I'm reading through my first textbook on linear optimization. The book states a theorem without proof and I'd like to understand why it's true.
Glossary of Terms:
Definition 1
The problem
Maximize $f(x_1,x_2,\cdots,x_n)=c_1x_1+c_2x_2+\cdots+c_nx_n$
Subject to $a_{11}x_1+a_{12}x_2+\cdots+a_{1n}x_n\leq b_1$
$a_{21}x_1+a_{22}x_2+\cdots+a_{2n}x_n \leq b_2$
$\cdots$
$a_{m1}x_1+a_{m2}x_2+ \cdots + a_{mn}x_n \leq b_n$
$x_1,x_2, \dots, x_n \geq 0$
is said to be a canonical maximization linear programming problem.
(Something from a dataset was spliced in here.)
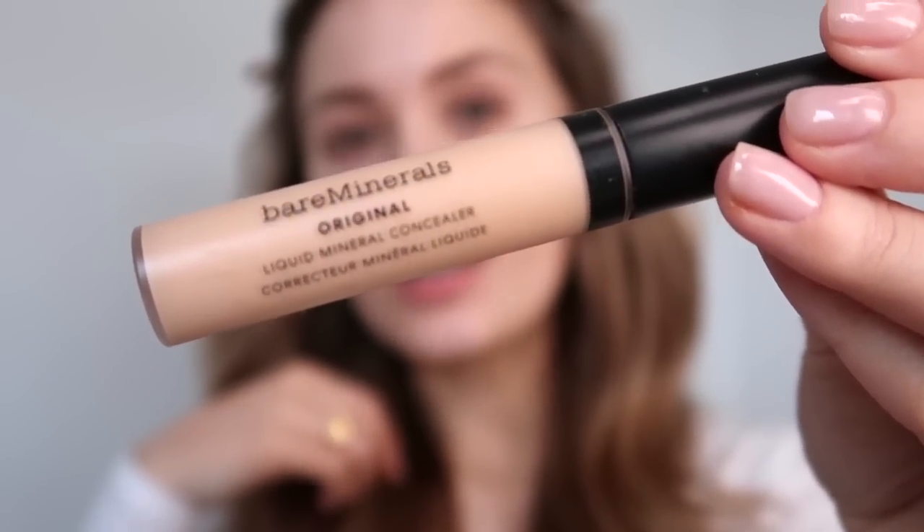The next product is the Bare Minerals Original Concealer. The only concealer I've used in the last year is the Rimmel Lasting Radiance — I'm a massive fan — but I haven't found anything that beats it until this one. I do three little dots because a little bit goes such a long way; I made the mistake of going fully in the first time not realising how pigmented it is. I wear it in the shade Fair One. I blend it in with my finger — it's so creamy, not drying at all, doesn't crease, and has such good coverage.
The definition for minimization is analogous.
Definition 2
Let $x= (x_1,x_2,\cdots ,x_n), y=(y_1,y_2,\cdots ,y_n)\in$ R$^n$. Then $tx+(1-t)y$ for $0\leq t\leq 1$ is said to be the line segment between $x$ and $y$ inclusive.
Definition 3
The set of all points $(x_1,x_2, \cdots, x_n)$ satisfying the constraints of the canonical maximization problem is said to be the constraint set
Definition 4
Let $S$ be a subset of R$^n$. $S$ is said to be convex if, whenever $x$=$(x_1,x_2,\cdots,x_n)$,$y$$=(y_1,y_2,\cdots,y_n)\in S$, then
$tx+(1-t)y \in S$ for $0\leq t \leq 1$
The Theorem:
The constraint set of a canonical maximization or canonical minimization linear programming problem is convex.
My Work
I know I must show that $(x_1,x_2,\cdots ,x_n)$ i.e. the constraint set satisfies the requirements for convexity, I have no idea how to do this though. The question isn't homework, we were told to accept it, but I want to understand.